Я почувствовал, что краснею. Я изо всех сил старался не допустить этого, но от такого усилия краска разлилась до ушей. Кожу жгло как от огня. Я стал смотреть только на стол, на черные, толстые, похожие на чечевицу ногти Глумского. Ладони председателя лежали на досках как две наковальни.
— Черт его ведает, — Глумский покачал головой. — Вообще-то Штебленок много про него знал. Сталкивались в войну.
— Штебленок?.. Он же нездешний, из Белоруссии.
— Да вот где-то там они и сталкивались. Теперь-то ничего не узнаешь!.. Э, задуй его ветер!..
Мы помолчали. Глумский посмотрел на ходики, которые громко отсчитывали секунды. В сентябре у хозяина каждый день на строгом учете. Я чувствовал себя как рыба, которая попала в вершу: тычется, дуреха, из стороны в-сторону, а кругом прутья. И где выход? Ничего я не понимал, надеялся на якось{8}. Якось прояснится!
— А нужно тебе в это дело лезть? — спросил Глумский. Он с сомнением оглядел мой карабин. — Силенок у вас мало, и вооружение против бандитов слабоватое!
— А вы что хотели бы, самоходку?
— Да хоть что… По-моему, держат вас по деревням вроде пугал. Я бы на их месте Гната вооружил. Он страшнее. Я встал.
— Ну, ладно. Спасибо за беседу, за приятный разговор.
— Не серчай, не серчай. А насчет оружия — ты ж солдат. Дают солдату котелок, а навар он сам ищет. Знаешь, как солдат из топора борщ варил? Пусть Попеленко ко миг зайдет. Мы в деревне у детишек любого оружия наберем. Они все с полей таскают да по сараям прячут… Очень интересуются оружием. Дурни! — Он странно хмыкнул и отвернулся. — На меня можешь полагаться, если дело дойдет до стрелянины. Все?
— Штебленок у Маляса квартировал? — спросил я.
— А ты не знаешь! — усмехнулся Глумский. — Привычка у ваших — все спрашивать да спрашивать.

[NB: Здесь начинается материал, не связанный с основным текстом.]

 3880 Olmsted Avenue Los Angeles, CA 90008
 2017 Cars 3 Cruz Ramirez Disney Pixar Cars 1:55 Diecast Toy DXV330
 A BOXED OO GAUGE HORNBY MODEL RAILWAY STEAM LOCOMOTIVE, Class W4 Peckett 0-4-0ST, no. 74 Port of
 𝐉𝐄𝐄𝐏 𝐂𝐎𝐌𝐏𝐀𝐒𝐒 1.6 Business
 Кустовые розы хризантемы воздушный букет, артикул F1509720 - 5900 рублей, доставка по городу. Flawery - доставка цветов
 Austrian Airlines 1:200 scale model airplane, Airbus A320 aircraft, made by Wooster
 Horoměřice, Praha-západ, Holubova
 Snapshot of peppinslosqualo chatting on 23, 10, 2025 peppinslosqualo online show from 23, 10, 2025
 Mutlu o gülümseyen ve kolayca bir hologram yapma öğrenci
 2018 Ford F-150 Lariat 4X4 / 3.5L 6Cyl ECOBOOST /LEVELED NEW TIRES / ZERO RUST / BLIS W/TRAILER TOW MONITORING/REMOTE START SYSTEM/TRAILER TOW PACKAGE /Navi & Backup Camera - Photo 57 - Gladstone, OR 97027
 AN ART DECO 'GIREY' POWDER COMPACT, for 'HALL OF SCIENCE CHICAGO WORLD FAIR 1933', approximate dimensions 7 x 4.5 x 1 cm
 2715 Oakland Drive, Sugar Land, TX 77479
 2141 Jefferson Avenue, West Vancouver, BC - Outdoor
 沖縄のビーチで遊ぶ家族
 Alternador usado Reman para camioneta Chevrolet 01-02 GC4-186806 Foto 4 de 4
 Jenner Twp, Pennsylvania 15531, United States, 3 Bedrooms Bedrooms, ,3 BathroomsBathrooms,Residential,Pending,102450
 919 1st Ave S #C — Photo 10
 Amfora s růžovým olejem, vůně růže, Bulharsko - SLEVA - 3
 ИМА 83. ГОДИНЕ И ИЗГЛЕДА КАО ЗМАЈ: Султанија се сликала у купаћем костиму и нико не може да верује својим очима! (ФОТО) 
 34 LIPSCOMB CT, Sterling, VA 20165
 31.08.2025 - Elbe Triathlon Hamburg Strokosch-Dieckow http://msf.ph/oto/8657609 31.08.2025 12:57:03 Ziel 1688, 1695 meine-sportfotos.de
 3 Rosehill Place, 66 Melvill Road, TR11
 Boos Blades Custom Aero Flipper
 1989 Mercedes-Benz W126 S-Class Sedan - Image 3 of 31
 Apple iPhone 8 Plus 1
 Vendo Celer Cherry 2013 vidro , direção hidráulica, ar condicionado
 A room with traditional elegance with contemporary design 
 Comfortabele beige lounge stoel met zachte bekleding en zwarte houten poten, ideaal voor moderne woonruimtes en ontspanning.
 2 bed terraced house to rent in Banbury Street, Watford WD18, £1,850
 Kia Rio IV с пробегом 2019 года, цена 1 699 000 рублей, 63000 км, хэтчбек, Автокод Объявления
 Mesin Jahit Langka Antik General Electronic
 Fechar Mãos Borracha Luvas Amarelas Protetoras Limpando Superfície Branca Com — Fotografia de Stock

Он вышел вслед за мною — выводить Справного на утреннюю прогулку. В приотворенной двери сарая я увидел тонкую удлиненную морду жеребца. Королевская белая, как горностаев мех — я видел такой мех на старых картинах, — полоса, тянувшаяся вдоль храпа ото лба, блеснула в сумраке. Глумский никому не показывал жеребца, боялся дурного глаза. Этого красавца он держал у себя и сарае беспривязно, никому не доверял, сам на нем почти не ездил и особенно тщательно скрывал от районного начальства. Справный был гордостью Глухаров, их честью, наконец, основой колхозного благосостояния.
— Н-не балуй, — выдохнул председатель, и столько любви прозвучало в голосе этого угрюмого, маленького, сутулого человека, что я остановился от удивления. Его. л и голос я слышал? Откуда такая воркующая нежность?
Жеребец бил копытом в перегородку, всхрапывал… В колхозе были две лошади, если не считать Лебедки, числящейся за «ястребками», а точнее, за Попеленко, который, как многодетный отец, полагал, что имеет на лошадь особые права. Справный стоил всех трех и еще сотни. Соседние колхозы водили в Глухары своих захудалых кобыл, надеясь улучшить породу. Глумский брал за это с соседей семенами — пшеницей, картошкой. «Семя на семя», — говорил Глумский, показывая свои бульдожьи зубы.
— Все еще меня не признает, нервничает, — пожаловался Глумский. — Вот кто тебе про Горелого рассказал бы! Это его был конь, полицай его откуда-то с племенного завода взял… Н-но, малыш! — прикрикнул он на жеребца, когда тот дернулся, не давая надеть узду.
6
Маляс, охотник и талалай{9}, жил за четыре дома от Глумского, на взгорке. Было бы кстати, если бы эти хаты стояли впритык, тогда сюда водили бы школьников, чтобы показывать, про кого написана басня о муравье и стрекозе. Хата у Глумского была чисто побелена, покрыта свежей соломой, утеплена высокими завалинками и погружена в букет из золотых шаров, что росли за крепкой, плотной оплетки изгородью.
Хата Маляса и сейчас, и до войны выглядела так, словно только что пронесся ураган. Словно ее долго крутило в воздухе, а потом шваркнуло на землю так, что крыша просела, как седло, и окна пошли враскос. За покосившимся дырявым плетнем росли две яблони, да и те дички, «свинячья радость». Но Маляс всему находил толковое объяснение. Он говорил, что благодаря такому образу жизни оказал сопротивление немецким оккупантам. Они никогда не останавливались у него на постой. И если бы все жили так, как он, Маляс, то немцы просто перемерли бы с голоду и холоду, потому что, мол, они к таким условиям совершенно непривычные.